What a nice looking horse.! I love Welsh ponies. this is just super well built, in my opinion. yes, chubby, but not that bad. I like everything about him; strong shoulder, short canons, great hind end, good hock angles, beautiful head.


----------



## Kayella (Feb 11, 2012)

Thanks, Tiny! I'm a fan of welsh ponies as well. They're such thick, stocky guys that can withstand a lot. His real name is actually Lightning and he lives up to the name. He is crazy fast and can turn on a dime. He's got fat pockets by his tail head which I'm working to get rid of but we're taking it slow on getting him back into work after being a pasture puff for so long. On the bright side, he loves to run around. Henny's bulked up on muscle in the two months they've been back together as they run and play with each other all the time.


----------



## Kayella (Feb 11, 2012)

Just bumping this up for some more opinions 
_Posted via Mobile Device_


----------



## Endiku (Dec 6, 2010)

Aghh, what a cutie!

I love his build. Great, straight legs, good shoulder, strong coupling... the only thing I can find to pick on is that his hindquarters have a lot less muscle than his shoulders but that is obviously due to the fact that he has spent half of his life as a pasture puff.


----------



## Kayella (Feb 11, 2012)

Haha thank you, Endiku  He definitely needs some toning in his hind end. His shoulder, however, is so muscled it's almost scary LOL. He is technically my mom's horse, but she rarely ever even comes out to see him so he's pretty much mine as I now spend as much time with him as I do with Henny.

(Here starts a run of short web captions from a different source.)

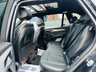 USED 2017 67 BMW X5 3.0 XDRIVE30D M SPORT M PERFORMANCE BODY KIT 7 SEATS OPEN PAN ROOF SENSOTS M PERFORMANCE BODY KITS~BLACK PACK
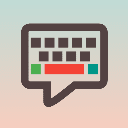 Sayboard icon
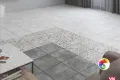 Коллекция ЦЕМЕНТ СТАЙЛ ЛАССЕЛСБЕРГЕР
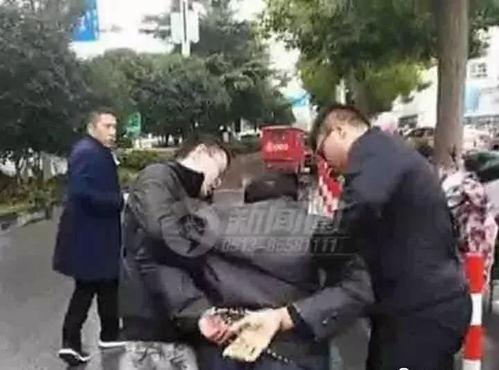 侯马吃瓜最新事件爆料视频,最新爆料视频揭秘惊人内幕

That's how he was able to develop bad habits and is still very spooky and untrusting with us as he's just sat there and lived a spoiled pony life. But now that I've "opened my eyes" in working with Henny, I find myself loving working with Bubba. He is SO willing to please it's ridiculous. He doesn't have a mean bone in his body but he is quick to react out of fear. I'm hoping I can bring him out of his shell and make him more comfortable with the help of my trainer. 
_Posted via Mobile Device_


----------



## Kayella (Feb 11, 2012)

Bumping up again


----------



## toto (Mar 3, 2013)

I want a welshy now! Hes a little trophy horse, lol.


----------



## Kayella (Feb 11, 2012)

Haha thank you, Toto. I'm sure Bubba appreciates you fueling his ego. :lol:


----------



## thatsmehello (Sep 7, 2012)

I love this guy, he's adorable. I wouldn't worry too much about his weight, welsh mountain ponies are normally a little bit chunky. And he's got a really nice coat, you obviously take good care of him


----------



## Kayella (Feb 11, 2012)

Thanks! He's definitely an easy keeper. He's starting to really shine and dapple out now.


----------



## Chopsticks (Mar 11, 2012)

good lord he is adorable. i want to hug him. and on top of it he's darn handsome. i can't find anything wrong with him, looks like an excellent mover as well. I would def spend the time to get him fitted up and even more gorgeous!


----------



## Kayella (Feb 11, 2012)

Thank you! 
_Posted via Mobile Device_


----------